ShopRite has canned sardines 10 for $10. After looking at this thread and seeing that canned is okay I think I'm going to buy them since they are on sale.

I bought catfish chunks one time and Hannah liked that. I don't think I'll be buying the talapia for awhile.


----------



## harrkim120 (Feb 2, 2010)

I feed canned only because that's all they'll eat. 

I bought a box of 50 pounds of tiliapa for $40 thinking that they'll eat it with no problems. Yeah, right. 

That fish is now owned by some gentleman in Orlando. LOL :tongue:


----------



## magicre (Apr 7, 2010)

i have two dogs who think salmon oil gelcaps are a treat...so in this way, i might have gotten lucky...

i don't know if they ate it because they were hungry...or they liked it...but i'm giving it to them again today...i figure every few days, they should get some fish....

and we'll see about salmon and trout...i'm a little leery of salmon and trout, because of where we live (pacific NW).
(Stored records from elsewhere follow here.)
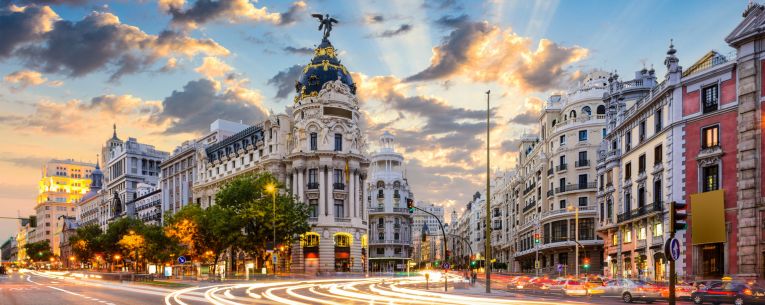 Allianz - Madrid cityscape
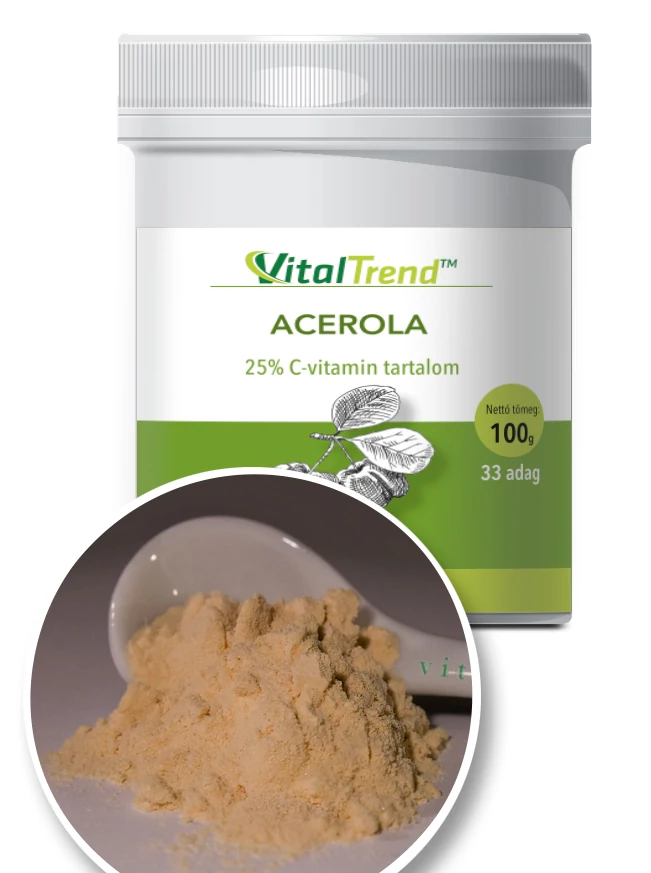 Acerola kivonat por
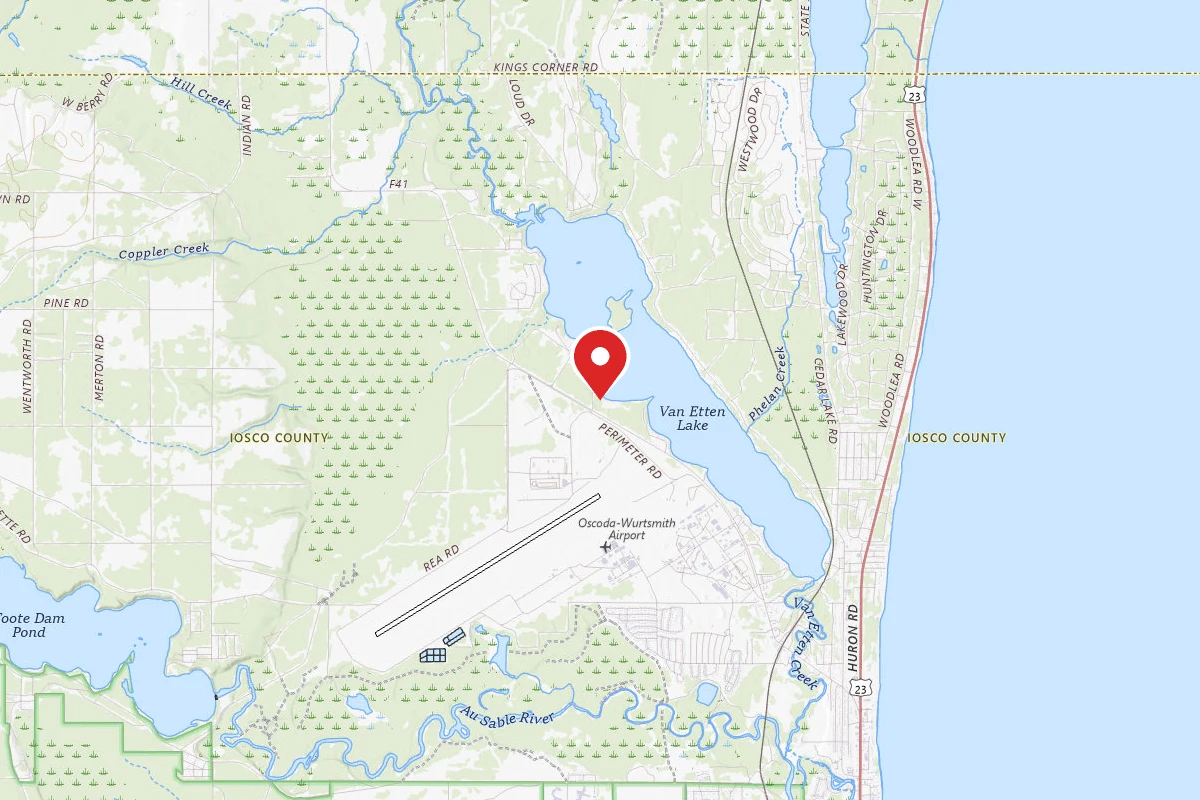 Van Etten Lake State Forest Campground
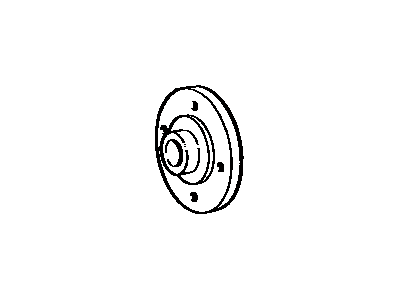Toyota 16171-41170 Seat,  Water Pump Pulley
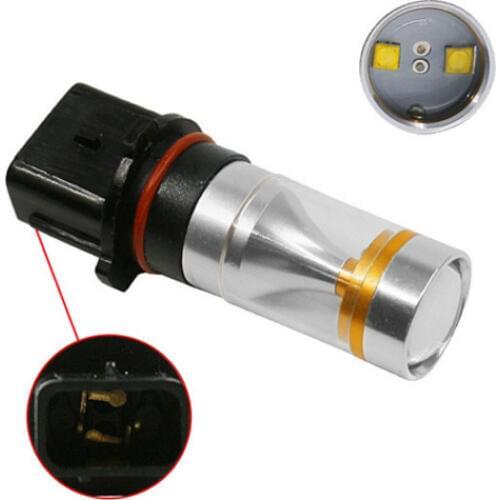 JanDeNing 2PCS P13W 30W Car LED Fog Light Bulbs daytime running lights Driving Lamp Bulbs 750LM 6500K
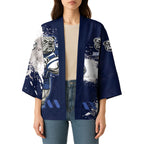 Personalised Canterbury-Bankstown Bulldogs Rugby Kimono Berries Mascot - Sporty Splash Art Style
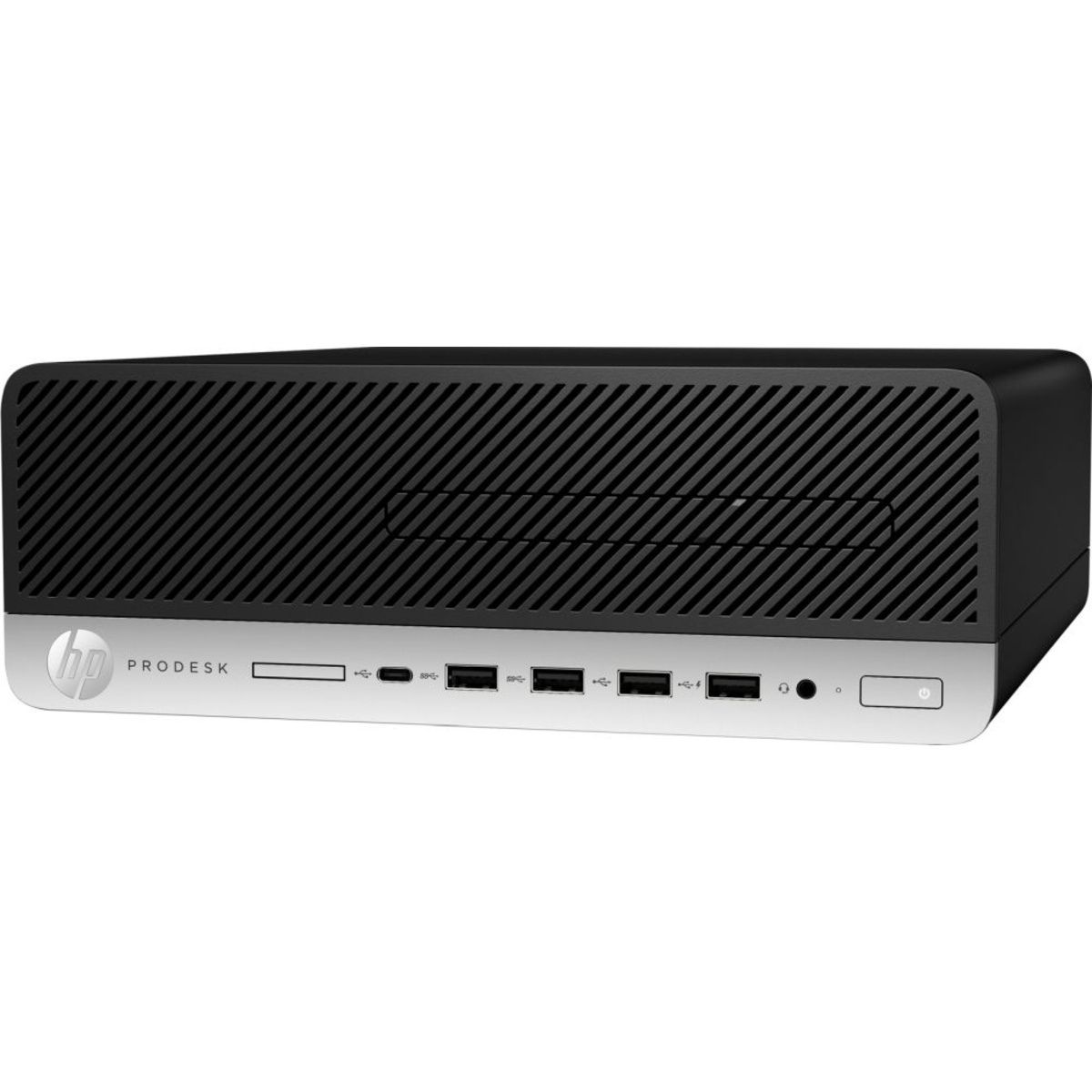 ПК HP ProDesk 600 G5 SFF i7 9700 (3) / 8Gb / SSD256Gb / UHDG 630 / DVDRW / Windows 10 Professional 64 / GbitEth / 180W / клавиатура / мышь / черный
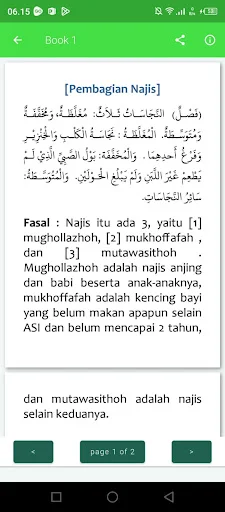 Download Safinatun Naja dan Terjemah Terbaru – Buku Fiqih Lengkap - Screenshot 16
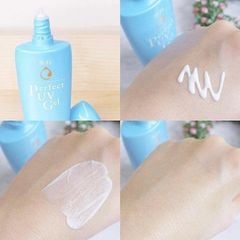 Gel Sữa Chống Nắng Senka Perfect UV Gel SPF50+ PA++++ Ẩm Mượt Cho Da Khô 80ml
but tilapia is on the list, and if they don't like it, that's okay...sardines and smelts and gelcaps should give them what they need.


----------



## Spaz (Sep 3, 2009)

Success! Hannah loves canned sardines. And I got them on sale. YAY!


----------



## magicre (Apr 7, 2010)

Spaz said:


> Success! Hannah loves canned sardines. And I got them on sale. YAY!


yay!

i wonder if she'd like kippers and herring LOL

and clams and oysters? there are lots of canned fish....although you gotta watch out for those boneless skinless ones....where's the fun in that?


----------



## GoldenGirl (Mar 31, 2010)

harrkim120 said:


> I feed canned only because that's all they'll eat.
> 
> I bought a box of 50 pounds of tiliapa for $40 thinking that they'll eat it with no problems. Yeah, right.
> 
> That fish is now owned by some gentleman in Orlando. LOL :tongue:


I'm getting ready to start adding fish and I'm thinking about starting with canned first to see if Koda will like it, before purchasing something like whole talapia. 

With an 80 pound golden retriever, how much canned sardines/salmon, etc would you feed as one meal?

Thanks,
Jean


----------



## magicre (Apr 7, 2010)

i think i read it here about fish and how dogs react to it....

i used to feed canned salmon and tuna and then looked at the sodium content...WOW...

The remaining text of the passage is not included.